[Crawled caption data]
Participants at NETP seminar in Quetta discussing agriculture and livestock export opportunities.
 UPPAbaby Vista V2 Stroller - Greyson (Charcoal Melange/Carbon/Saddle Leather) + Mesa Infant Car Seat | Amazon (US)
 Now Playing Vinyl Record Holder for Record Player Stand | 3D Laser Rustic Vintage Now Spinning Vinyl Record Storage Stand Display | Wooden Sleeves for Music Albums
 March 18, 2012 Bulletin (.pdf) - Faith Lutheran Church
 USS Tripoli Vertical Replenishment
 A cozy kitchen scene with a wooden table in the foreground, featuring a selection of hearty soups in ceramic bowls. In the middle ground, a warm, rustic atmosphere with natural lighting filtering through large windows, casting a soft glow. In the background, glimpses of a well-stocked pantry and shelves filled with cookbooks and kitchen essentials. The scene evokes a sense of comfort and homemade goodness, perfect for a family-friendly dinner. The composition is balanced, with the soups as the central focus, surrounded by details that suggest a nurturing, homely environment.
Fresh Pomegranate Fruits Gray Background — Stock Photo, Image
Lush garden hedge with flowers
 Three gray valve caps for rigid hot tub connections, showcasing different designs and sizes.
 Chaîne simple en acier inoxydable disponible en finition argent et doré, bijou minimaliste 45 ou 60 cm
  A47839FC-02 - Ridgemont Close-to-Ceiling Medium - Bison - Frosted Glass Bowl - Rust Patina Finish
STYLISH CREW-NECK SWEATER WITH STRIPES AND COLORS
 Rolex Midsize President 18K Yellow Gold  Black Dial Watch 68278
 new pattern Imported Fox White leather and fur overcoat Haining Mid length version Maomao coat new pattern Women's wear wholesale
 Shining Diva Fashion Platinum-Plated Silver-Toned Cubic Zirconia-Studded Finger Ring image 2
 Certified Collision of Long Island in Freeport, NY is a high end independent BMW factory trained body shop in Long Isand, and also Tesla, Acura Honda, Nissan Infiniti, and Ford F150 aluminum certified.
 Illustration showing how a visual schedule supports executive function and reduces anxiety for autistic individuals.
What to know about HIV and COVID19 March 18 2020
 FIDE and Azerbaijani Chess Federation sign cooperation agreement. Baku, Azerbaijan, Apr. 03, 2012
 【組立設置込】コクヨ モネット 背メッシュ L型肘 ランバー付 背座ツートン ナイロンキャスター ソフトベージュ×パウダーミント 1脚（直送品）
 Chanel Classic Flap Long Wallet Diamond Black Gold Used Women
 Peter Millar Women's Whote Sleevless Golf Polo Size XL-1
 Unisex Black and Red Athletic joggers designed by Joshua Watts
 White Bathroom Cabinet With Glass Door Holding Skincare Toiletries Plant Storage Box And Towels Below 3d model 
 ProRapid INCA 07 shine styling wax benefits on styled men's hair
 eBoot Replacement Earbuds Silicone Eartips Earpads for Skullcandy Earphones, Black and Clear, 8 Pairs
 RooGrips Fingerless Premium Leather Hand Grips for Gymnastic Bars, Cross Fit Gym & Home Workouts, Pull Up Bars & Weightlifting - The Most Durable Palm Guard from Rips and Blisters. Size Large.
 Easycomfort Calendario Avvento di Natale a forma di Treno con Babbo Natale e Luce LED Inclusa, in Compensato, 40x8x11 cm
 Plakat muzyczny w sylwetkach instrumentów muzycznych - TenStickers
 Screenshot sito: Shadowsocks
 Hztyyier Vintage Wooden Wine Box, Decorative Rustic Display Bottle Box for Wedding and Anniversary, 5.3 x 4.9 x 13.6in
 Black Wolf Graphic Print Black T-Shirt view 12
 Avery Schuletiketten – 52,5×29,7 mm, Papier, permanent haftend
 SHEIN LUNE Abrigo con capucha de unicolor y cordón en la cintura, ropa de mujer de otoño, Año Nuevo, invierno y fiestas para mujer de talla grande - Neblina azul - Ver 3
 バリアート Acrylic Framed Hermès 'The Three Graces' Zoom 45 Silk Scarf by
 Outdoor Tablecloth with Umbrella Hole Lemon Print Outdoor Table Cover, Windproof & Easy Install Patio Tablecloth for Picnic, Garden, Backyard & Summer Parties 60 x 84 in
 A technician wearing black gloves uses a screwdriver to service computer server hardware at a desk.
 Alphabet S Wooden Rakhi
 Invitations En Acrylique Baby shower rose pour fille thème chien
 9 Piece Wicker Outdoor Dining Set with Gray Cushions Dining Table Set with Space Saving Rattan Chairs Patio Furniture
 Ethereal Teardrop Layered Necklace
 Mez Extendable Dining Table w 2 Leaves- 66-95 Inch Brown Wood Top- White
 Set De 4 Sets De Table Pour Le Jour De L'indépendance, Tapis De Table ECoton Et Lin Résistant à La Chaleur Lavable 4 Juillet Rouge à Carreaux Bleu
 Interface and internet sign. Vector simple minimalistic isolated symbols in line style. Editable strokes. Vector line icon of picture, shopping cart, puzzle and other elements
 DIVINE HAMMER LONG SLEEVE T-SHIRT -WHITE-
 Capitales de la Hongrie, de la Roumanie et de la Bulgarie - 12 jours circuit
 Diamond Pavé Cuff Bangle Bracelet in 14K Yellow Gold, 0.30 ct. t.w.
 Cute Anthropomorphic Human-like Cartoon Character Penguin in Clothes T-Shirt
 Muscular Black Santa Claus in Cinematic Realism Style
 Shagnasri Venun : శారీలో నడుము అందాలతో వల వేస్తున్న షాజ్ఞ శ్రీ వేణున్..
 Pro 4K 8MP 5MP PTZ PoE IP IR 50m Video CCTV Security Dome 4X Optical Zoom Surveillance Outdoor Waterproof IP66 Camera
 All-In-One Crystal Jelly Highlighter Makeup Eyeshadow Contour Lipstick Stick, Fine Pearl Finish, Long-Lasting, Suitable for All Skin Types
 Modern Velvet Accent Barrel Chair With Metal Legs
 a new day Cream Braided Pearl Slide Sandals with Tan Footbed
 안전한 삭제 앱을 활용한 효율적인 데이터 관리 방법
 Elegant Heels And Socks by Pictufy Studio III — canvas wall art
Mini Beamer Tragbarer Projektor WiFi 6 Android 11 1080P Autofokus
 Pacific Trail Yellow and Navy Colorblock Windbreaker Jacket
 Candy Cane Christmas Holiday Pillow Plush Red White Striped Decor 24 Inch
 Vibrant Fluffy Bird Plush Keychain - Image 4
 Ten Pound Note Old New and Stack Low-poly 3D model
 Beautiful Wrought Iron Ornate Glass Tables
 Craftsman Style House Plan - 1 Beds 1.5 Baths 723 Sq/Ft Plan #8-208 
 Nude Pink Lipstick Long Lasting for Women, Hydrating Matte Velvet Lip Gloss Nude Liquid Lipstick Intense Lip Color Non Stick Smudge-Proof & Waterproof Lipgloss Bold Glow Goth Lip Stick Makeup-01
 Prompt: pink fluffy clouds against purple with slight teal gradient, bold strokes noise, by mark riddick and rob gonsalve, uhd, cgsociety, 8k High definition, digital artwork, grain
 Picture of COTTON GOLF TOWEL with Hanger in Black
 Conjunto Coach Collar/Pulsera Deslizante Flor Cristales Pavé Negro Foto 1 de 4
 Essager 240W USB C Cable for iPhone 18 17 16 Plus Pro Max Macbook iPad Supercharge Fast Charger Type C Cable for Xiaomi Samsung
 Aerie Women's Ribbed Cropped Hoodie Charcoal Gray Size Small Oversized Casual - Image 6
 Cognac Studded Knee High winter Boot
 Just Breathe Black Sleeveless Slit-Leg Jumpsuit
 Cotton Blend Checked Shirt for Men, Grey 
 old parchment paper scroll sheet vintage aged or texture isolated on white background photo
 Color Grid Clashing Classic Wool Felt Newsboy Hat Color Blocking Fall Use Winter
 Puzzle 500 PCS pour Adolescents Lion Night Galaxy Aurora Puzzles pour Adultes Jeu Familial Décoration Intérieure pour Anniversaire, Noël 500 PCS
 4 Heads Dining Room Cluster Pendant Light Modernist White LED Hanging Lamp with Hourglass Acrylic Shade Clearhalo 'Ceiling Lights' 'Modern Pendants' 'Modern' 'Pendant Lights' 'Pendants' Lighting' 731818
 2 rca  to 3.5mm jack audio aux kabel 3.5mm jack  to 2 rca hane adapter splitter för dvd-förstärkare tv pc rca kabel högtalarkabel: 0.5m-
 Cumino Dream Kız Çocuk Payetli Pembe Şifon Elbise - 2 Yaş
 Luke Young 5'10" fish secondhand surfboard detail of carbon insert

Exercise details
The line above containing "Rolex Midsize President", the line containing "Shining Diva Fashion", and every line between them are to be transcribed exactly; no other line is wanted.

Task answer
 Rolex Midsize President 18K Yellow Gold  Black Dial Watch 68278
 new pattern Imported Fox White leather and fur overcoat Haining Mid length version Maomao coat new pattern Women's wear wholesale
 Shining Diva Fashion Platinum-Plated Silver-Toned Cubic Zirconia-Studded Finger Ring image 2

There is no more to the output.